The bureau mobilizes.

“We were getting leads from every person you can imagine. I had a vision that he was buried under trees, more than one tree. I did see black containers.”

“I knew that I was dealing with somebody that was super intelligent, super cunning. It was a chess match.”

September 11th, 1995. It’s about 3:00 p.m. when 9-year-old Jimmy Rice steps off his bus in the Miami farming community known as the Redlands.

“It’s very different from the way most people envision Miami. It’s a rural-type area. Just, uh, a lot of things to do for kids, and um, none of the problems that you have in a city.”

Jimmy walks the short distance home for his Monday piano lesson.

“We were about the fourth house down from the intersection. He just walk home. You know, it’d take him a minute or two.”

Normally, Jimmy’s mother is home to greet him, but this day, Jimmy’s 18-year-old neighbor is babysitting while the Rices are out of town on a business trip and birthday celebration. Around 3:30 p.m., several hours north of the Rice home, Don walks in the hotel room and finds his wife in a panic.

“So, if he didn’t come home from school today and for his lesson, we have to go home.”

“She was teary-eyed and very upset. And yes, I—I knew when I first saw her there, there’s something wrong. And that’s when she told me, ‘I just called, and uh, Jimmy hadn’t showed up at the house yet.’ And, uh, not only I hadn’t taken the lesson, but no one knows where he is.”

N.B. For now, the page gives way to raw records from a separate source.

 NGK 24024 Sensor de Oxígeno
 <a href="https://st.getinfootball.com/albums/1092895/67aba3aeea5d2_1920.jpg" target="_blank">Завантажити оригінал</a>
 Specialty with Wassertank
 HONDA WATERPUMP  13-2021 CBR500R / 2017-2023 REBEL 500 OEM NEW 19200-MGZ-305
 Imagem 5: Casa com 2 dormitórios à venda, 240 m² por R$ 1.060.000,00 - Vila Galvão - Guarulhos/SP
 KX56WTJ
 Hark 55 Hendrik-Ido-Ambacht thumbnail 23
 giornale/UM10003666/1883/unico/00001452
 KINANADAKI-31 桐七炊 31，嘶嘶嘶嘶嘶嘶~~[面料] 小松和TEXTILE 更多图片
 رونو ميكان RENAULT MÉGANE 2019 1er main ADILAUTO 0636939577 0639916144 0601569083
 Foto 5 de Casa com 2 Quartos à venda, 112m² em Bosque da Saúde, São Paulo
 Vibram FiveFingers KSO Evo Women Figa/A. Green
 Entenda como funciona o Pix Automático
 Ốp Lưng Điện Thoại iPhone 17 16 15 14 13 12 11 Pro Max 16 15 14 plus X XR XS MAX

Jimmy has not returned home from school.

“Jimmy was a kind of kid that you could really count on. Some kids, if they disappear, you think, ‘Well, [they’ve] done it again.’ But with Jimmy, if he said he was going to be somewhere, wanted to be somewhere, or needed to be somewhere, that’s what he would do.”

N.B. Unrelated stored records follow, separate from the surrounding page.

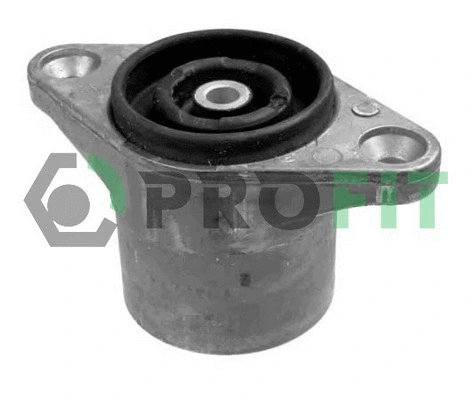 Suspension, amortisseur PROFIT 2307-0514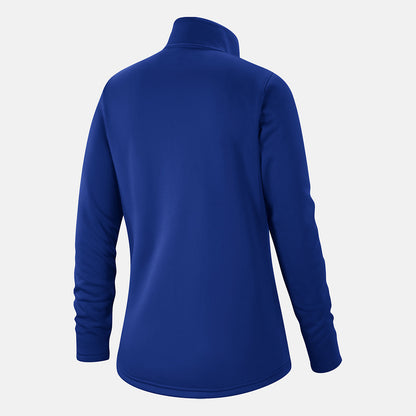 New Balance Women Thermal Half Zip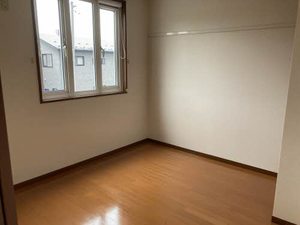 シャーメゾン不来方 202号-9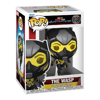 Funko Pop! Vinyl- Wasp (Antman and the Wasp) (1138)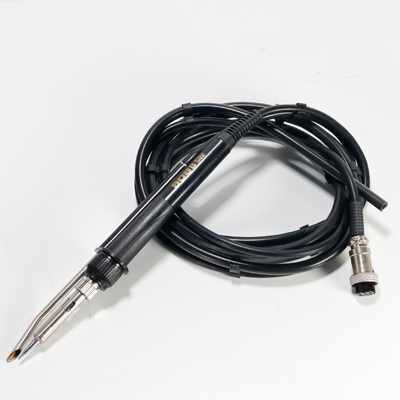 Sunline 908B 6 Pin Soldering Iron Arm (992DA+) - 2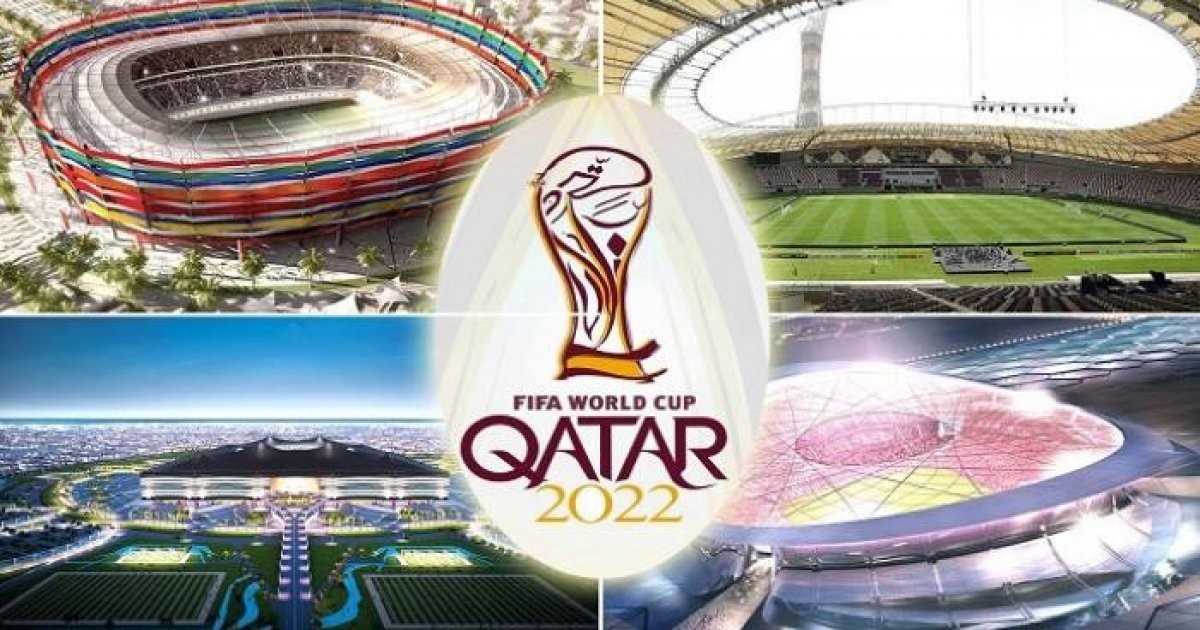 تردد جميع قنوات نايل سات 2022 الناقلة لمباريات كاس العالم في قطر 2022.jpeg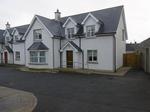 Abbey Close, , , Co. Tipperary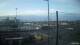 Naples 09.05.2025 06:25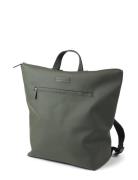 Changing Backpack Green Baby & Maternity Care & Hygiene Changing Bags ...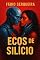 Livro Ecos de Silício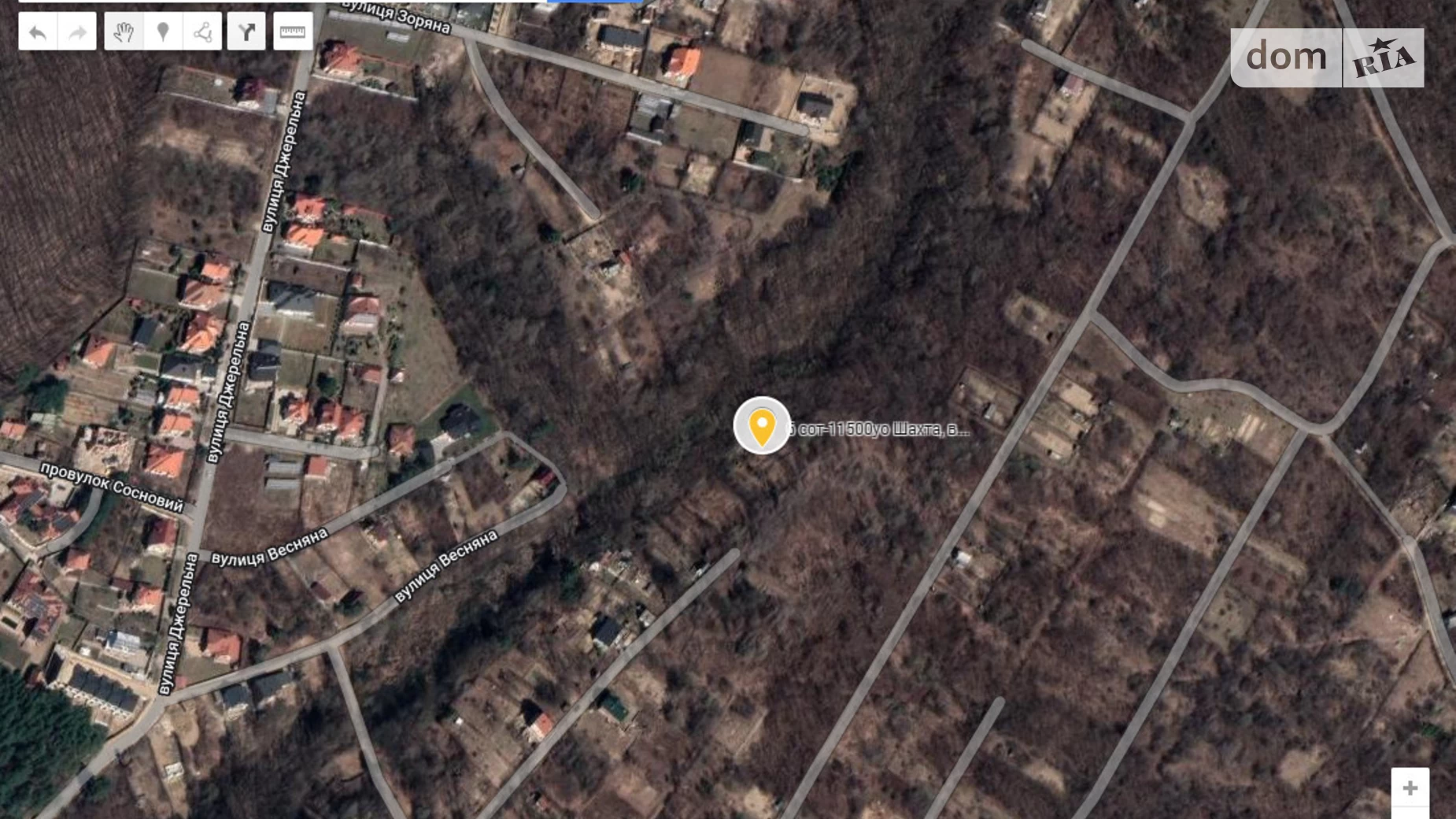 Сахнівська Оноківці, цена: 11500 $ - фото 5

Don immediately calls the house again and speaks with his older son, Ted.

“I said, ‘Please check around the neighborhood. I—I don’t believe that he would have done this, but he may have somehow forgotten about the lesson. Could you check and see?'”

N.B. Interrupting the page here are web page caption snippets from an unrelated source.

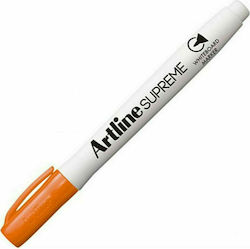Artline EPF-507 Supreme Whiteboard-Marker 1.5mm...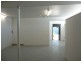 Shop 3/28 Tansey Street, Beenleigh QLD 4207
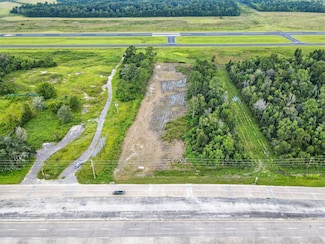 3580 Texas State Highway 87 Unit 3580 Edgar Brown Dr, Orange, TX 77630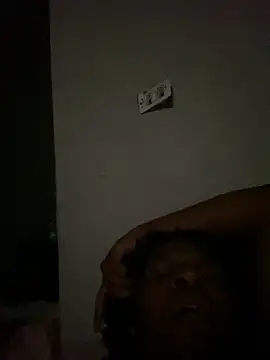 Preto Diamamte online show from 10-07-25, 02:20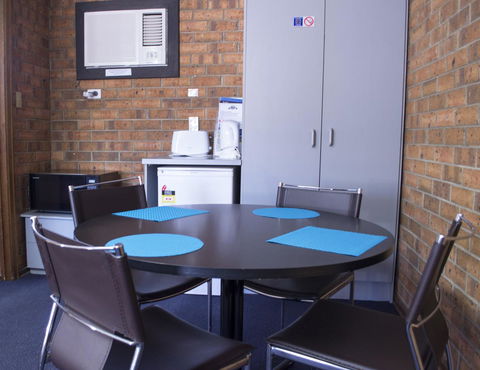Kadina Gateway Motor Inn - Hotel WA 32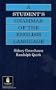 A Student's Grammar of the English Language (Grammar Reference)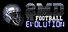 2MD: VR Football Evolution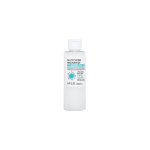 Cleansing Water 160 ml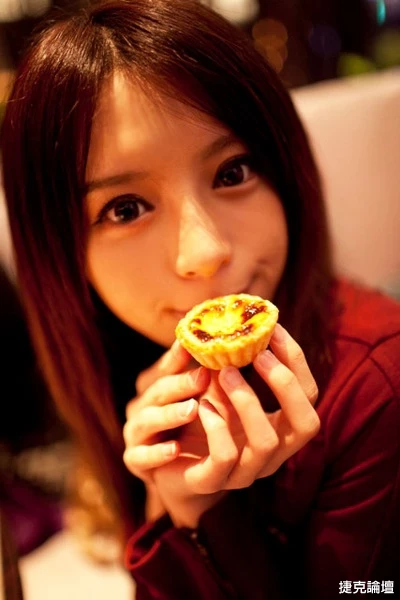 122632ax45lkoxtlzglktk.webp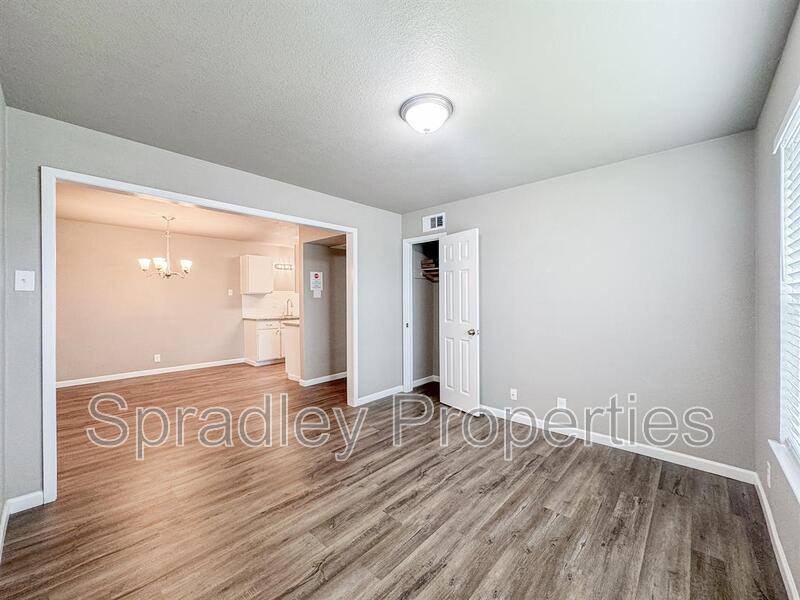 Apartment for rent at 120 W Main St, Troy, TX 76579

“There were a couple of neighborhood kids where he would, you know, go from time to time to, to play.”

But Jimmy is nowhere to be found. A call to his school confirms he rode the bus home that day. The Rices don’t waste any time. They immediately check out of their hotel and start driving the 2 1/2 hours back home. As they speed south down Florida’s Turnpike, Don calls the Miami-Dade Police, who alert the missing person’s unit. The Rices hope for the best.

“We kept thinking, well, you know, for God’s sake, some—something, uh, is wrong. But maybe—maybe they’ll find Jimmy, and it’ll turn out to be, uh, something innocent.”

Even so, they can’t help but fear the worst—that someone has taken Jimmy to try and extort money from them.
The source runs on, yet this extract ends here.